The Not So Mundane

Take a look at what you write.

What is it that influences you the most?

I find I am inspired by the day-to-day actions of other people.  When I worked in a coffee/ sandwich shop inside a bank, I would analyze people by the sandwiches they ordered. You had the case of any number of stories.  Some people had to have the cheese melted on the meat, and others wanted meat, tomatoes, and then cheese. What made them chose that way?

In the midst of raising two children–one with autism–graduating with a Master of Arts in Teaching, being married, and beginning a teaching career; I still write. While I am not as active here and on social media, my writing still grows. I have worked on two projects: Elliot McSwean, my middle grades’ book, and my poetry memoir, now called I Never Saw Jesus in the Mirror.
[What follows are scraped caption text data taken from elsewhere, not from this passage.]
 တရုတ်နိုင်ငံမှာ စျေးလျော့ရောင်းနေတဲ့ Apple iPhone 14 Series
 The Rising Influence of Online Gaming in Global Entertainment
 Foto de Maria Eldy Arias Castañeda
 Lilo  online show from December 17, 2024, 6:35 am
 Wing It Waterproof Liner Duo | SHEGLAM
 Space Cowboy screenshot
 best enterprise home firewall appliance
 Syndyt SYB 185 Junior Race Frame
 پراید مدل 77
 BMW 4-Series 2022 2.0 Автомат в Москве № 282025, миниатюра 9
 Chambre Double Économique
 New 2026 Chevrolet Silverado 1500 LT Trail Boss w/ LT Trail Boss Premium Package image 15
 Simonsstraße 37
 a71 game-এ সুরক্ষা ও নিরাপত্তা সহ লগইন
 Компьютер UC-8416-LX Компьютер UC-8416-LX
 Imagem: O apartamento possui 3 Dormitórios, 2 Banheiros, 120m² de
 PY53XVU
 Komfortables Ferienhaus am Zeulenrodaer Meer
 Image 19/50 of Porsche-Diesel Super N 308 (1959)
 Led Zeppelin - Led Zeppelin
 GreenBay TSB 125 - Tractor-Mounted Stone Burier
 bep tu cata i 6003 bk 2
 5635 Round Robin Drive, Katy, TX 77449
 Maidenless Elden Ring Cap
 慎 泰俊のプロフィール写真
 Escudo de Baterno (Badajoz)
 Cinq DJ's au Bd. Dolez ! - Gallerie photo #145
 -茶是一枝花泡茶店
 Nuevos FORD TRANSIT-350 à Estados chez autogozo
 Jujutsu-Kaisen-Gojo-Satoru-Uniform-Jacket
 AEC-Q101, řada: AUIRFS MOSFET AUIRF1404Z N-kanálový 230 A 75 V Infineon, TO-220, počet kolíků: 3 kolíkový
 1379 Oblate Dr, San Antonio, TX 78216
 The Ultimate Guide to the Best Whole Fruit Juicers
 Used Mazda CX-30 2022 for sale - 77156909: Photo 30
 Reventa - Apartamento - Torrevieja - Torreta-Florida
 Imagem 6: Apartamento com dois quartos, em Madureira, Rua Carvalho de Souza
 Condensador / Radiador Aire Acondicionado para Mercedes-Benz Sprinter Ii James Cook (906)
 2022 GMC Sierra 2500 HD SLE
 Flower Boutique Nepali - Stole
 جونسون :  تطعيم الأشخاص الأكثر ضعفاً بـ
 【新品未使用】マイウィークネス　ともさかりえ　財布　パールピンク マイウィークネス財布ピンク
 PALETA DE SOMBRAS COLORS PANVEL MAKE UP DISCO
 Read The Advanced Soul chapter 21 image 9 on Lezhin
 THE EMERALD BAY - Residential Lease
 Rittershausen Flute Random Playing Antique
While they are different genres, they share something in common. There are characters who have something interesting in the everyday world that becomes a part of the person in the book.  For example, Elliot’s parents are old school. He has to share a lap top with at least one of his three sisters. Here, I’m constantly inspired by kids.

Now, I’ve been reading Famous Last Words by Katie Alender as I prepare for teaching seventh graders.  She does two things I admire. She gets in touch with paranormal world–something I’ve never been comfortable with as a writer. She also writes some of the best, least repeatable comparisons to everyday life.  When the parents go out of town,  the character, Willa, has a cupcake for breakfast. I know teens who would do this.

In I Never Saw Jesus in the Mirror–the new title and the joining together of all the weird pieces of my family’s journey over the last few years–I touch on Mommy Wars. In fact, the poem I’m currently working on is called just that. I look at the question: How do we go from every day people to all of the sudden ready to take on another mom?  This is something that, while not every day, has become a new experience for my husband and I raising our son.

Luckily, those wars end with writing. Not someone getting arrested.

Look at your writing. What is something intriguing from your everyday experiences that finds its way into your writing?